The thesis of this blog is that Laruelle’s philosophy (like those of Badiou, Deleuze, Latour, Stiegler) is a metaphysical research programme Popper’s sense, combining both testable or empirical material with untestable more metaphysical material. This is Karl Popper’s definition, which I have been applying on this blog to render possible the analysis and comparative evaluation of the claims and the theses of rival research programmes in Continental Philosophy.
It is to be noted that Laruelle himself confirms this analysis in his PRINCIPLES OF NON-PHILOSOPHY:
Under the perhaps too classical title of “Principles” we will find a program of research defined by a problematic; by a form of work called a “unified theory of science and philosophy” (1).
What Laruelle does not seem to realise is that this characterisation does not establish his project as sui generis (what I have elsewhere called Laruelle’s “Uniqueness Hypothesis”), but confirms his inclusion in a more general configuration of thought.

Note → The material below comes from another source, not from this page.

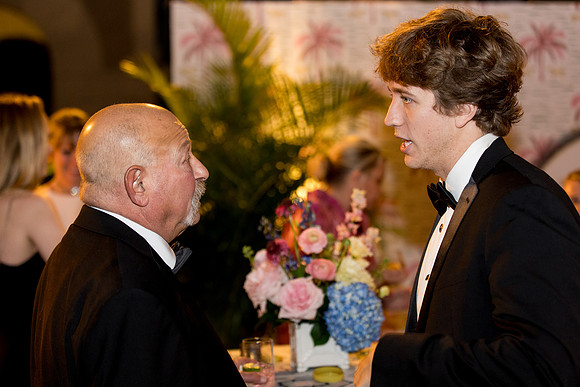 0404_sara_kauss_photography_NTRA2025_6256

A second denegation (whether due to naiveté or to bad faith I leave the reader to decide) is Laruelle’s omnipresent scientism. In PRINCIPLES OF PHILOSOPHY he calls this unified theory of science and philosophy a “science-thought” or a “first science”. This constant morpho-syntaxic privilege accorded to one face of the so-called “Identity” of philosophy and science is a marker of Laruelle’s incoherence on the question of science.
To see this incoherence even more clearly we need only consult Laruelle’s unique book devoted explicitly to the question of science and non-philosophy: THEORY OF IDENTITIES, first published in French in 1992. In the first chapter Laruelle tells us:
De Platon à Kant et à Heidegger règne une triple division du travail intellectuel… A cette triple division du travail intellectuel, aucune philosophie n’échappe réellement. Aucune épistémologie — empiriste ou idéaliste, positiviste ou matérialiste — ne peut se libérer de ce qui est un invariant, en général peu reconnu comme tel, de l’interprétation gréco-philosophique de la science, anglo-saxonne comprise (54-55).

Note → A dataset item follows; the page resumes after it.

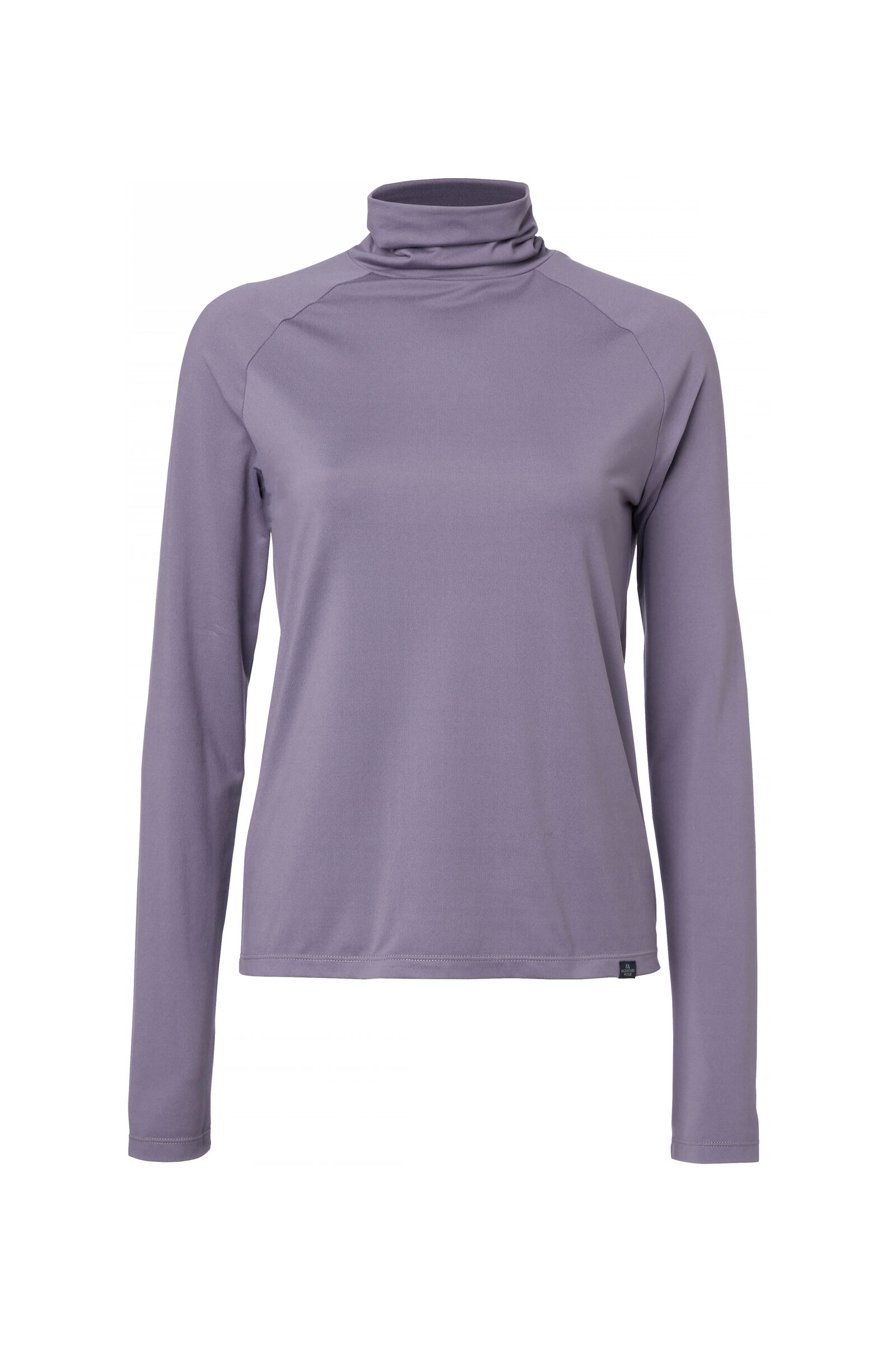 Mountain Horse Kelly Turtle Top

From Plato to Kant and to Heidegger there reigns a triple division of intellectuel labour … No philosophy ever really escapes from this division of intellectual labour. No epistemology – whether empiricist or idealist, positivist or materialist – can free itself from what is an invariant, generally not admitted as such, of the Greco-philosophical (including the Anglo-Saxon) interpretation of science.
The invariant “triple division” of intellectual labour between science and philosophy is according to Laruelle:
1) Philosophy thinks, science knows but does not think
2) Philosophy is absolute science, empirical sciences are contingent and relative
3) Philosophy thinks Being, science knows not even beings but their properties or the facts.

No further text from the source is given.